History
Will Crowther was a programmer at Bolt, Beranek & Newman, which developed the ARPANET (a forerunner of the Internet). Crowther was an experienced caver, who applied his experience in Mammoth Cave (in Kentucky) to create a game that he could enjoy with his young daughters.
Crowther had explored the Mammoth Cave in the early 1970s, and created a vector map based on surveys of parts of the real cave, but the text game is a completely separate entity, created during the 1975-76 academic year and featuring fantasy elements such as an axe-throwing dwarf and a magic bridge.
The version that is best known today was the result of a collaboration with Don Woods, a graduate student who discovered the game on a computer at Stanford University and made significant expansions and improvements, with Crowther's blessing. A big fan of Tolkien, he introduced additional fantasy elements, such as elves and a troll.

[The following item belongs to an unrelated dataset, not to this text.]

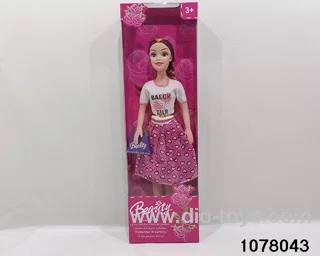 18 inch Barbie in window box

When Roberta Williams and her husband Ken discovered the game, and were subsequently unable to find anything similar, they were inspired to create their own software house, founding On-Line Software (later Sierra Online, and then Sierra Entertainment), which created the first graphical adventure game (Mystery House), and quickly became a dominant player in the entertainment software market for the next two decades, creating successful adventures such as King's Quest, Space Quest, and Leisure Suit Larry.